Paste of butter, sugar, flour and a little salt. Rolled and formed into c2ins diameter rings. Boiled, rested overnight and then baked. A breakfast treat known from Nutt 1789, and slightly popularised by Ivan Day in his recent 'The Art of Confectionery'.
Original Receipt from 'The Complete Confectioner' by Frederick Nutt, 1789 (Nutt 1789)
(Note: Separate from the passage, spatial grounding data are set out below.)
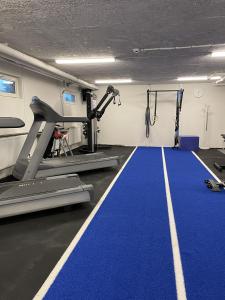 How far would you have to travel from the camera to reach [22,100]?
18.0ft

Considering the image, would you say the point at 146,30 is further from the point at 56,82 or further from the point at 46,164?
the point at 56,82

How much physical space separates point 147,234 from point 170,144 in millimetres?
7532

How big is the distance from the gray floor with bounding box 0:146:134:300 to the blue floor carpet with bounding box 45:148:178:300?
18 cm

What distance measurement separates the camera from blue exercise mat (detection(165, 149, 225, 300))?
191 centimetres

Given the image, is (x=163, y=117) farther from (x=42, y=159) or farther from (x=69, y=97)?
(x=42, y=159)

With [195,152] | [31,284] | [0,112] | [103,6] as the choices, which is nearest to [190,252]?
[31,284]

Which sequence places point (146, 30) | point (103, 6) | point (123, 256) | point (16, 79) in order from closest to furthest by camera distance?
point (123, 256) < point (103, 6) < point (146, 30) < point (16, 79)

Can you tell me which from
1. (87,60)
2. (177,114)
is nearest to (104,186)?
(87,60)

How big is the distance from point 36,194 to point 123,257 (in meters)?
1.46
No 23. Turtulongs for breakfast.
Take a quarter of a pound of butter, three ounces of powdered sugar, one pound and a half of flour, six eggs yolks and whites together, and a very little salt, and mix them all together on your dresser, and having a preserving pan on the fire, with clean boiling water in it, roll your batter out about four inches long, and almost as thick as your little finger, join it in two round rings the two ends of them, and put them in this boiling water, not too many at a time, then on the other side have a bason with cold water, and as the biscuits swim on the top of the boiling water, take them out, put them in the cold water, and let them lie all night; take them out next morning and put them into a sieve, and drain all the water from them; put them on your plate, without any paper under them, let your oven be very hot, and watch them, and you will see them rise very much, the more the better, see they are not burnt, but let them be of a fine brown, and then take them out.